Unfolding constructional mysteries

Sunny Dua
Every time one visits Mubarak Mandi which once used to be the highest seat of power, mega yet crumbling structures located within the historic complex unfold layers of mysteries ranging from architecture to layout and from utilities to construction materials used in building this fortified monolithic block of palaces, offices, corridors, domes, protection walls and courtyards.
Though conservation work on some buildings is going on yet lack of priorities is sure to deprive state of a historic monument that could later be known as ‘Mohenjodaro of Jammu and Kashmir’. The way portions of some structures have been completely buried under the mud due to building collapses, years from here on archaeologists would be needed to excavate them, study purpose for which these buildings were constructed, analyse their relation with existing structures and then begin restoration projects.

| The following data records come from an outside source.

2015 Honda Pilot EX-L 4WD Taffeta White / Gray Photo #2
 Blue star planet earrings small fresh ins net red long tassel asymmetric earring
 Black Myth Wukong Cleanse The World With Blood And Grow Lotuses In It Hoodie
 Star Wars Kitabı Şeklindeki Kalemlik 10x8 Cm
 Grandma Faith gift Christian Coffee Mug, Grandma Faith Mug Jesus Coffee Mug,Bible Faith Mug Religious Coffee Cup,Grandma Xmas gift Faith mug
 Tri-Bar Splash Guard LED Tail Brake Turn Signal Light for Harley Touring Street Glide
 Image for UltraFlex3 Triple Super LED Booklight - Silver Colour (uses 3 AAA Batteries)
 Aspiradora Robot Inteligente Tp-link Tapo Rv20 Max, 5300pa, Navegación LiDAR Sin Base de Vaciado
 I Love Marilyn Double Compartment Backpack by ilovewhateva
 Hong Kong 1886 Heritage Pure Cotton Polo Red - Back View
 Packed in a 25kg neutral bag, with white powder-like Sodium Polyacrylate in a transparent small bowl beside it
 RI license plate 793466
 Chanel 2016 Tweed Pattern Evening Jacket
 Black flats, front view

While restoration work is going on, there still are several pieces falling apart from the palaces located within the complex. This vandalism however on a bright note is unfolding mysteries behind construction of this mega structure located on a small hillock and on the bank of River Tawi by the erstwhile Maharajas of Jammu and Kashmir State. The materials used here is not only bricks or tiles but wood, stone, pebbles, ornamental grills, binding material, decorative artefacts moulded in clay and designer bricks besides carved beams all constitute part of this structure which needs preservation beyond imaginations.
It’s very recently that a huge wooden beam, probably cut out of a complete grown up tree fell off the ceiling of Sheesh Mahal located in Mubarak Mandi Complex and what was hidden behind the construction of roof slab by ensineers of that era came to the forefront thereby revealing amazing facts. What was visible to naked eyes till date was construction of roof tops using just wooden beams, bricks and mud but this accident showed how engineers of that era used locally available material not only to construct roof but to ensure that over the four walls of room was it laid also stays cool in summers.
Interestingly, not even in Rajasthan this technique was used. The engineers or construction workers while constructing roof had used clay pots placed upturned. Going by the details of this collapsed portion of roof one can see details of construction methods used during that era. After having constructed four walls, huge wooden beams were placed at an equal interval. Thereafter wooden planks covered the gaps and then the entire roof was covered with mud to make a smooth surface. Here, they placed hundreds of clay pots (Ghara) used to store drinking water upside down before laying another layer of mud and finally stones on top of roof to seal it.
The clay pots have been laid all over the roof in such a manner that they can bear very heavy load as well. Placed at right angle to the surface these pots bear load and also create a vacuum within the ceiling. The construction workers, it is believed must have laid layer of empty vessels for the purpose of keeping the air cool in summers and hot during winters. The air, stuck in between the pots in the middle of roof must be keeping the room temperature controlled that needs to be studied.
After having done this, the workers then designed wooden planks and fixed them on ceiling in an artistic way giving ornamental shape to ceiling which is known as Khatamband. This gave final touch to the ceiling thereby enhancing aesthetics of interiors. There are several such interiors that have either fallen apart, burnt or faced the vagaries of weather. Still interesting are the doors which are double framed. Technically speaking these double egress doors having two rabbets on inside are enable both door panels to open inside on same side thereby saving space.
Fortunately Mubarak Mandi so far now is a historical site but given the condition days are not far away when it will be recognised as an archaeological site. Currently the site is threatened by weather vagaries and improper restoration as many walls have already collapsed, while others are crumbling from the ground up. Archaeologists still believe that without improved conservation measures, the site could disappear by over a decade.
Mohenjo-daro located in Sindh province of Pakistan means ‘Mound of the Dead Men’ and we hope that pace of restoration here in Mubarak Mandi will be speeded up to not to earn such a bad name. Ever since Mubarak Mandi was abandoned the site is threatened by erosion, weather, improper restoration and several other factors that need to be looked into before it’s too late.